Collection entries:

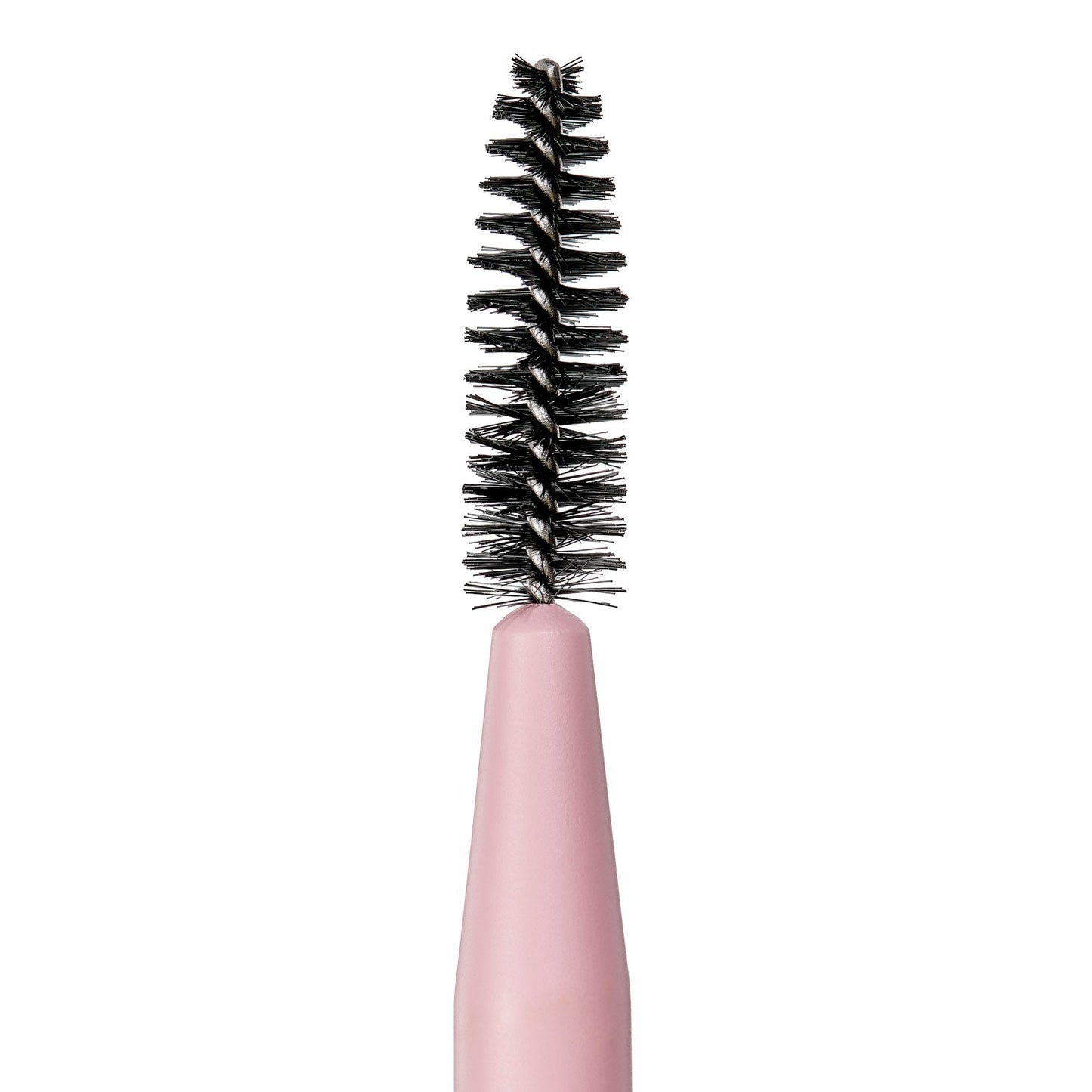 Lottie LE020 Double Ended Brow Brush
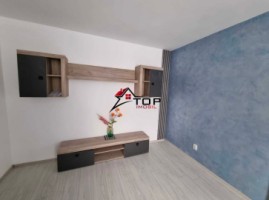 apartament-2-camere-podu-ros-socola-1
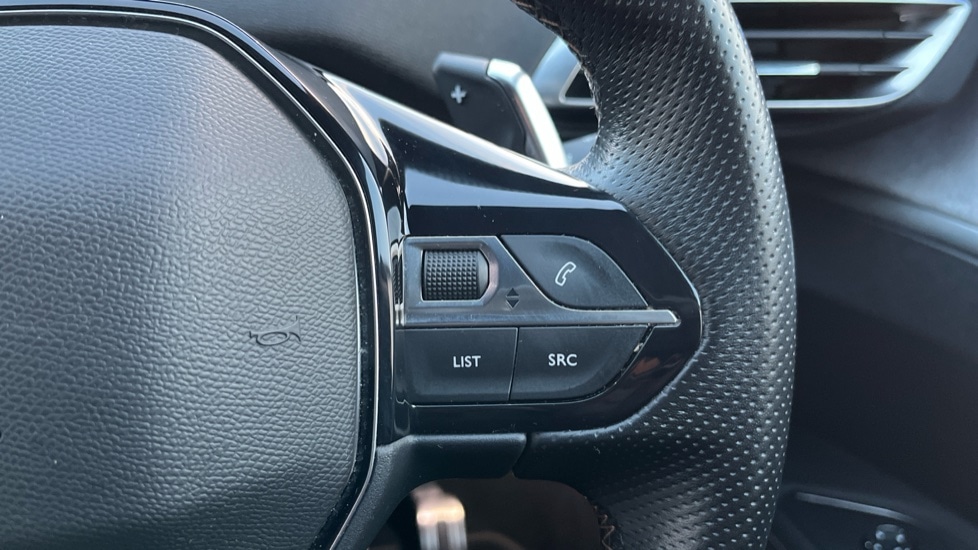 Used Peugeot 3008 2021 for sale - 76901251: Photo 23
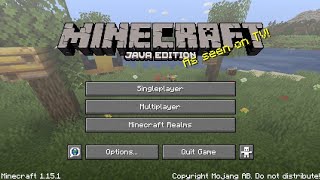 How to install Minecraft, GTA San Andreas, WWE 2k for free screenshot 5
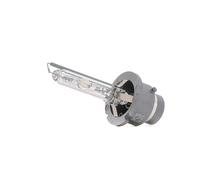 Bombilla para automóvil os66440 osram os66440 d4s 35w 42v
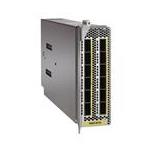 Cisco N6004-M12Q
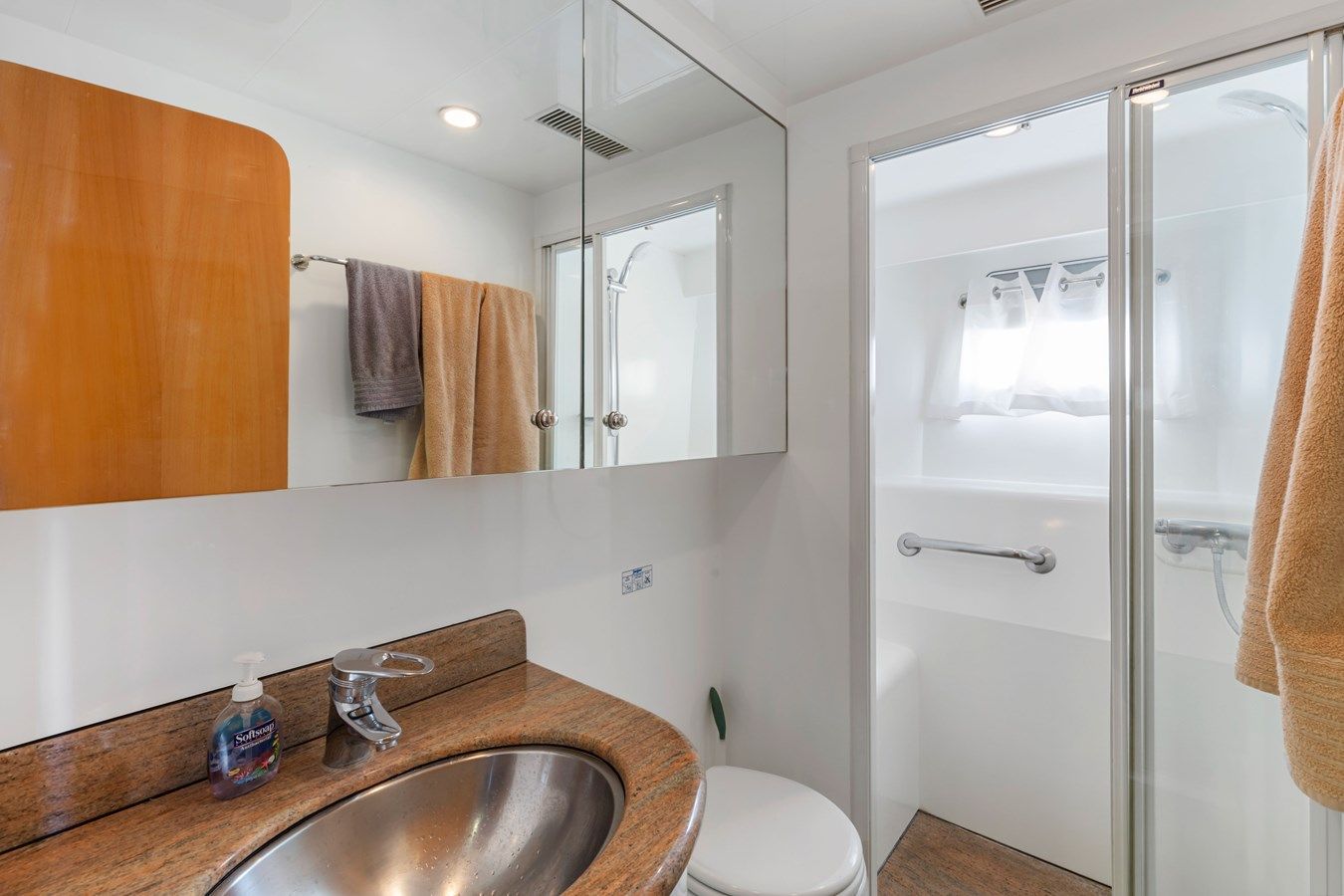 Лучшая цена на REVERIE Custom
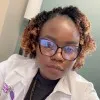 Ajibola Olagunju
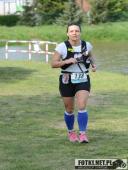 2017.05.11-13 - ULTRA CROSS GWINT 2017 CZ. 2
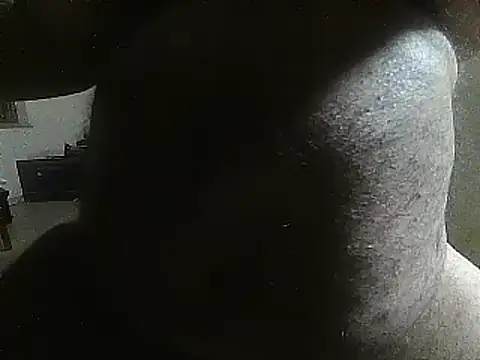 angel0 voglioso online show from January 16, 2025, 6:46 am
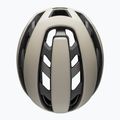 Casco da bici Bell XR MIPS Spherical lucido opaco/cemento 4
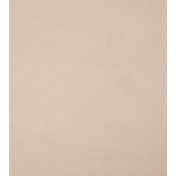 Английская ткань Harlequin, коллекция Entity Plains, артикул 143278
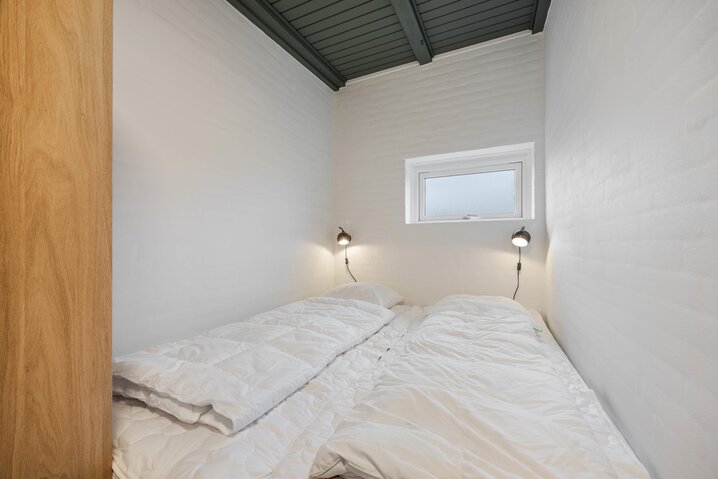 Ferienhaus E4920 in Tingodden 193, Årgab - Bild #8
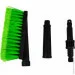  Bottari     (32216Green-IS)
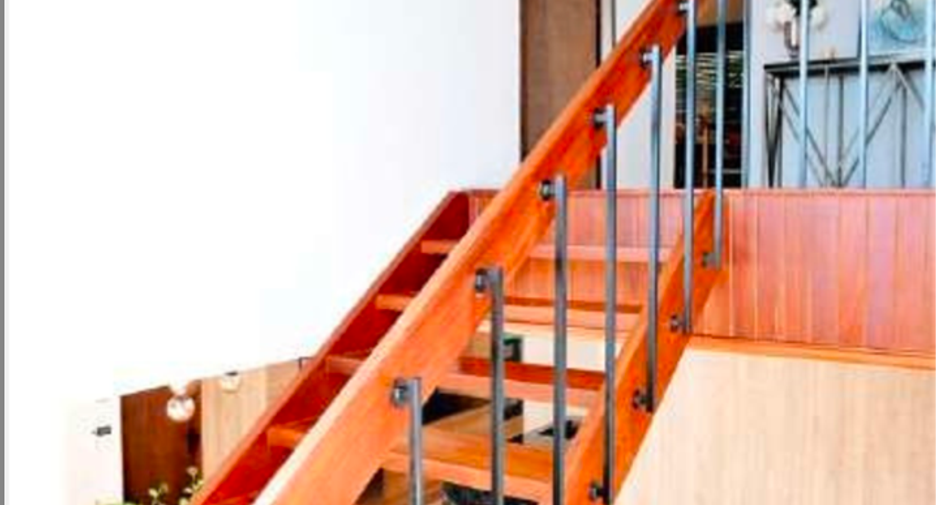 ขาย 4 ห้องนอน บ้านเดี่ยว ใน วัฒนา, กรุงเทพฯ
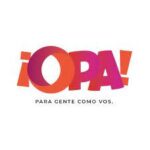 Canal 38 OPA
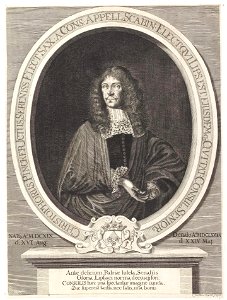 Arolsen Klebeband 03 383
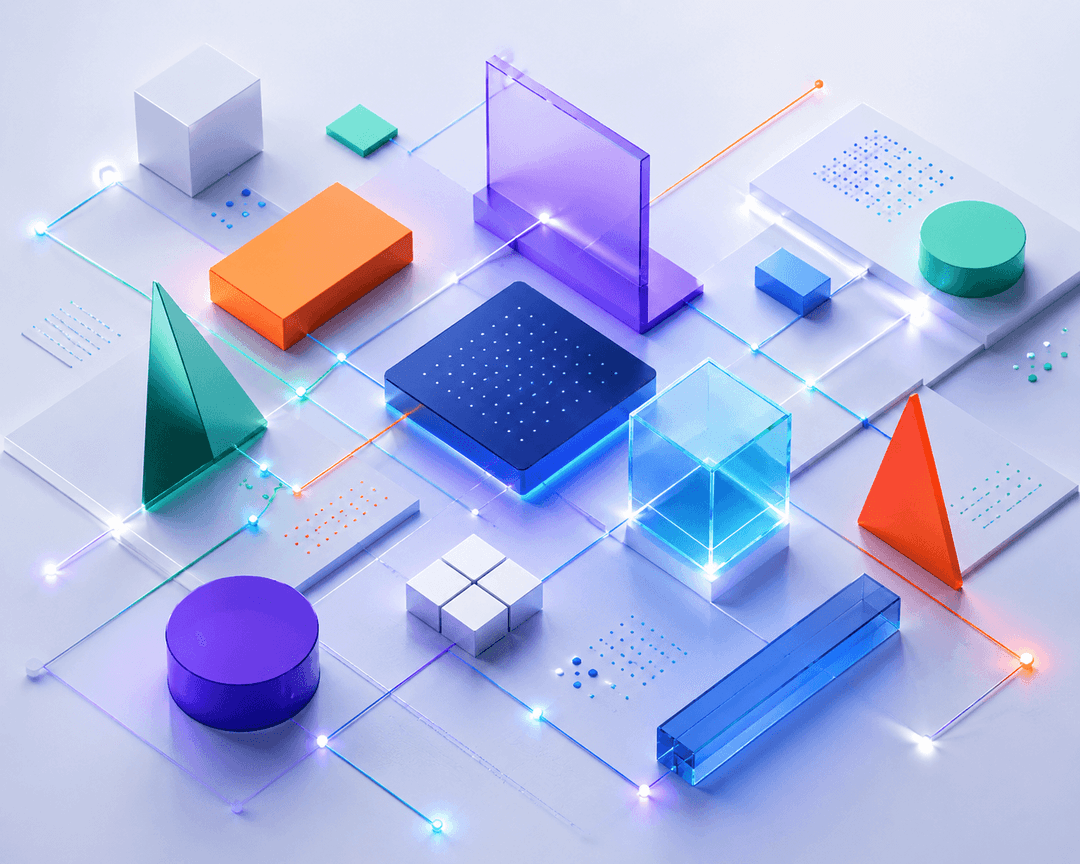Product Engineering Services: A CTO's Guide to Building Scalable Digital Products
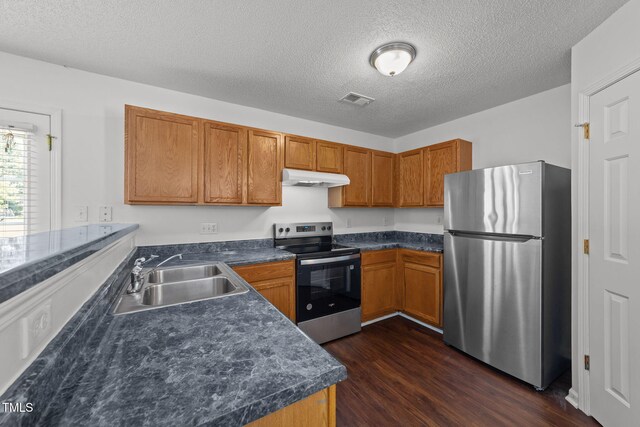 5819 Finestra Way, Raleigh, NC 27610 - photo 20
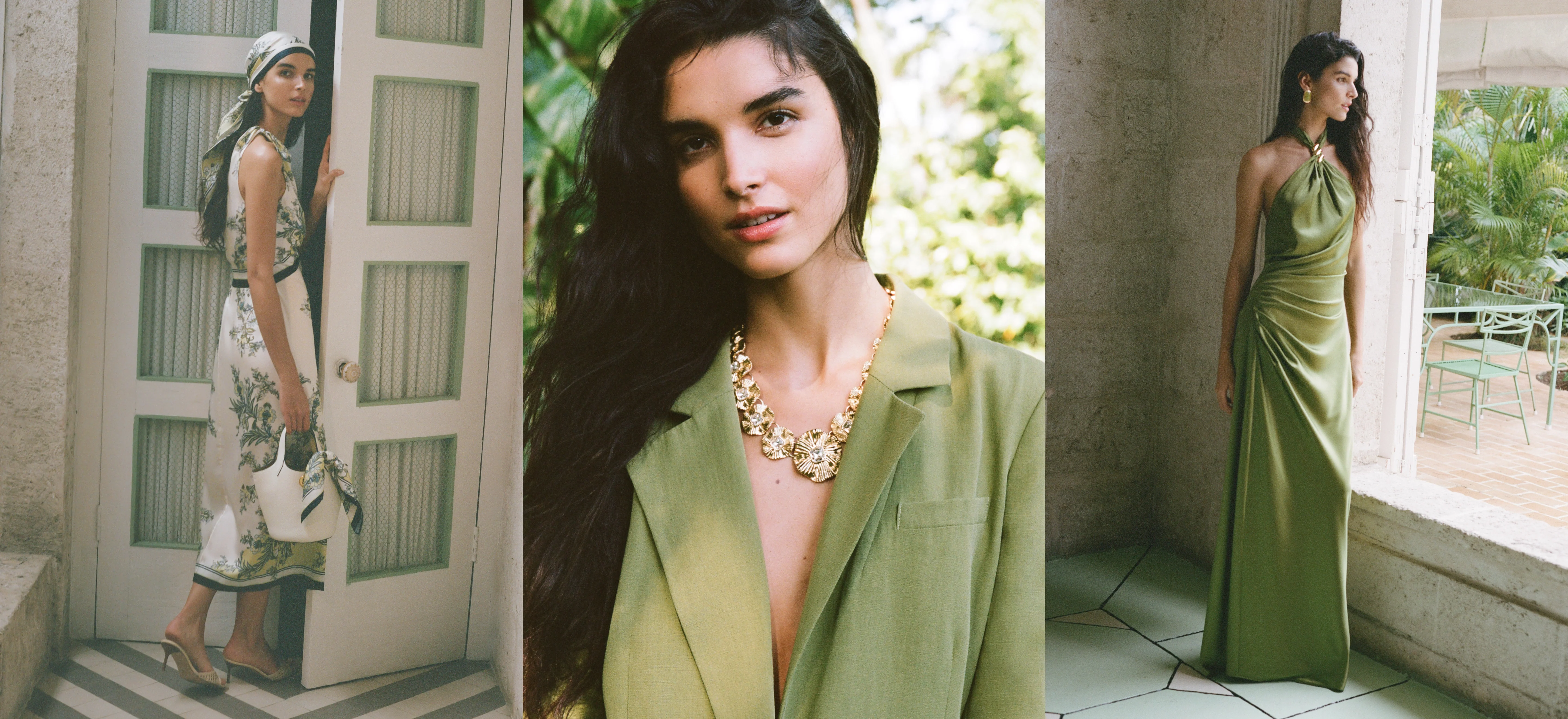 Welcome to Our Store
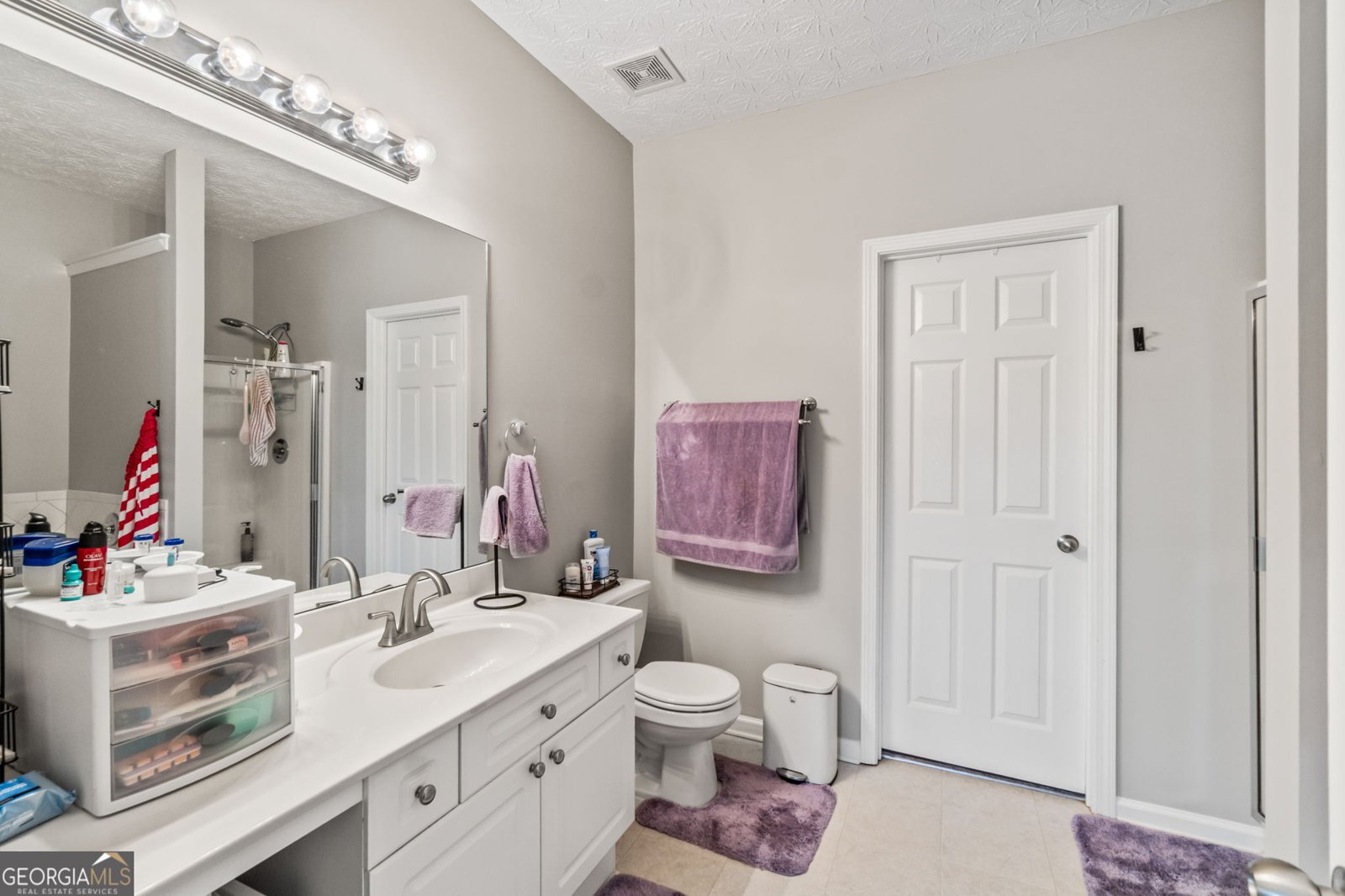 4830 Zephyr Cove Place Flowery Branch - Photo 28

What you have to do: Your copy should run from the line that has "Cisco N6004-M12Q" through the last line above, exactly, with both ends in and pictures out.

Solution below:
 Cisco N6004-M12Q
 Лучшая цена на REVERIE Custom
 Ajibola Olagunju
 2017.05.11-13 - ULTRA CROSS GWINT 2017 CZ. 2
 angel0 voglioso online show from January 16, 2025, 6:46 am
 Casco da bici Bell XR MIPS Spherical lucido opaco/cemento 4
 Английская ткань Harlequin, коллекция Entity Plains, артикул 143278
 Ferienhaus E4920 in Tingodden 193, Årgab - Bild #8
  Bottari     (32216Green-IS)
 ขาย 4 ห้องนอน บ้านเดี่ยว ใน วัฒนา, กรุงเทพฯ
 Canal 38 OPA
 Arolsen Klebeband 03 383
Product Engineering Services: A CTO's Guide to Building Scalable Digital Products
 5819 Finestra Way, Raleigh, NC 27610 - photo 20
 Welcome to Our Store
 4830 Zephyr Cove Place Flowery Branch - Photo 28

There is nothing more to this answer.